Cada cena é bem trabalhada e realizada com capricho, mesmo aquelas que tratam de coisas banais. Por exemplo, o filme começa com a corrida de um garoto para comprar cigarros para um adulto, em troca de uma moeda. A filmagem dessa cena já tem um caráter forte e intenso e servirá de base para a mudança de época ao longo da película.
De Cicco para seu filho Peppino até seu neto, Pietro, o filme é um relato dessa saga familiar em que as emoções afloram todo o tempo. Grandes paixões, alegrias e tragédias pontuam a história, que é também recheada de humor e poesia.

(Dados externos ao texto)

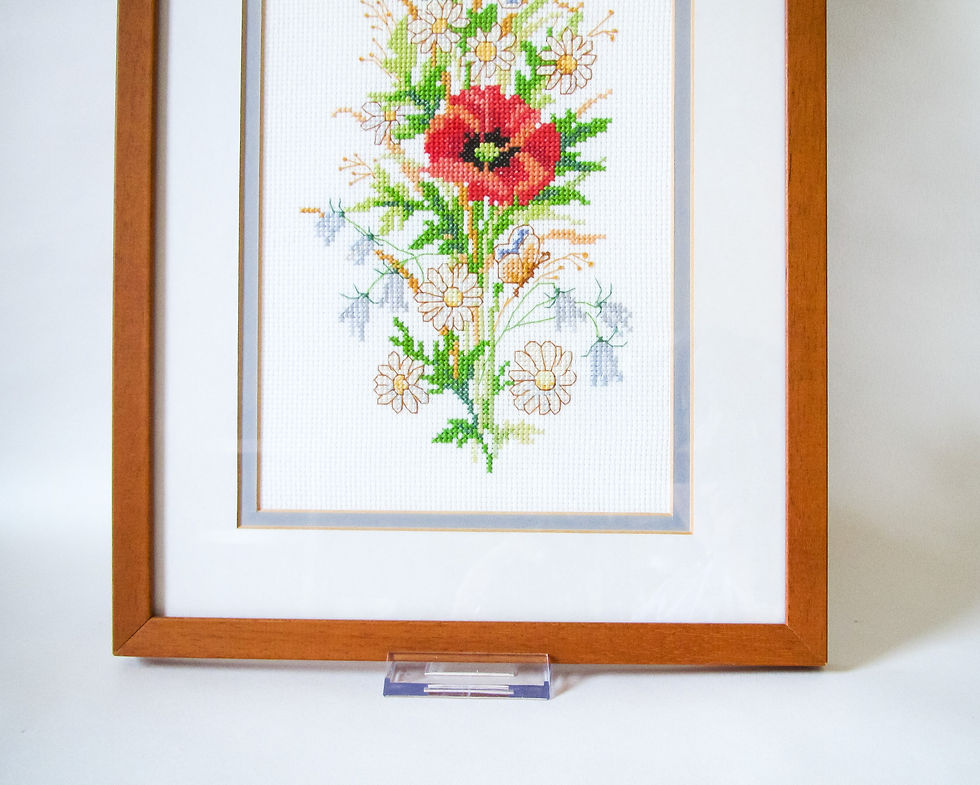 Thumbnail: Vintage cross stitch picture, poppies, wild flowers and butterflies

A reconstrução das diferentes épocas por que passa a trama do filme se faz por meio de uma estética cativante. Locações na Tunísia, segundo informa o diretor de arte Maurizio Sabatini, além de levar a belos lugares, apresentam uma série de analogias com Baarìa, como era no início do século XX. Ainda segundo ele, a construção dos cenários envolveu desafios à criatividade, para que se pudesse passar de uma época a outra em questão de dias. O resultado é amplamente convincente.
Os números divulgados relativos ao filme são todos grandiosos. Uma superprodução que levou 9 meses de preparação, 12 meses para a construção dos sets, 25 semanas de filmagens, envolvendo 122 locações, 2800 trajes, 63 atores profissionais, 147 não profissionais e 35.000 figurantes, 27 temas originais de música, sob a responsabilidade de Ennio Morricone para 210 personagens.
Não é apenas o fato de ser superprodução de alta qualidade o que importa. Mas é que se trata também de um trabalho que tem grande investimento afetivo do diretor. Um filme que evoca memórias, amores, sonhos e desilusões de personagens marcados pela cultura siciliana, mostrada sobretudo no comportamento intenso, histriônico dos seus habitantes e em que a intimidade é vivida de forma pública. A história dos personagens se funde com a história política da Sicília e, consequentemente, da Itália. Na medida em que o espectador se emociona com os muitos elementos constitutivos da saga e se maravilha com as imagens que a telona apresenta, vai aprendendo algo sobre a história política da Itália, ao longo de grande parte do século XX.
O filme é longo, são duas horas e meia de projeção, mas não dá para sentir o tempo passar, pelo envolvimento que se tem com personagens e situações tão próximas de todos, apesar das diferenças culturais, além da beleza que impregna toda a película. E a gente até quer mais. “Baarìa” foi um investimento de peso, dando suporte ao roteiro e direção de uma história pessoal e autoral de Giuseppe Tornatore. Compensou artisticamente o custo. É o melhor filme dele desde “Cinema Paradiso”, de 1989.
Ótimo texto, Egypto. E também compartilho com você minhas impressões positivas do filme de Tornatore, que realmente me emocionou pela poesia das cenas, pelos diálogos, pelos personagens bem construídos. Ultimamente, estão raros os filmes bons, é verdade, principalmente no grande circuito, e este, com apenas 10 cópias, não foge à regra. É para o pequeno grupo que vão os ótimos trabalhos.